Question

As of January 1, the price of a stock is $175. A dividend payment of $4.5...

As of January 1, the price of a stock is $175. A dividend payment of $4.5 is made on each of May 1, July 1, and November 1. Let the risk-free continuously compounded interest rate be 3.5%. Kate believes the price of the stock is going to increase, and, therefore, she takes a long position in a one-year forward contract on the stock.

a) Find the forward price of the stock for delivery in one year: $_____ .

b) On June 1, the stock price has risen to $240. What is the current fair value of the forward contract initiated on January 1? $______

c) On June 1, Kate feels that now is the time to cash out.

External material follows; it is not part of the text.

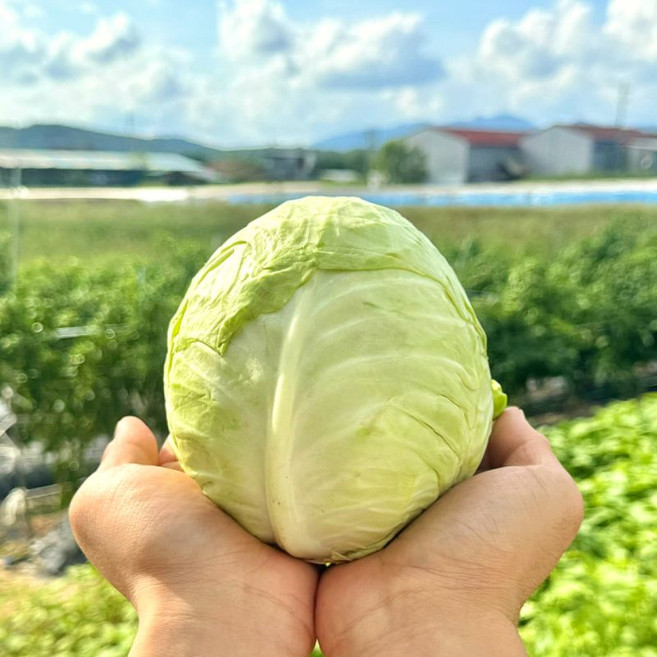 농산물마루 국내산 달콤이 미니 양배추, 1개, 700g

Explain how she can use a second forward contract (issued on June 1) to lock in a risk-free profit.
On June 1, Kate should enter a (long or short) (6-month or 7-month or 12-month) forward contract with a delivery price of $ _________ .

The risk-free profit realized on January 1 next year is $__________ .

d) In fact, Kate did not enter a second forward on June 1. On September 1, the stock price has fallen to $115. She is now concerned that the stock price would keep falling. Explain how she can use a second forward contract (issued on September 1) to lock in her loss.
On September 1, Kate should enter a        (long or short) (4-month or 6-month or 12-month)   forward contract with a delivery price of $_________ . The loss realized on January 1 next year is $___________ .

Note: Round any dollar values to the closest cent at every intermediate step.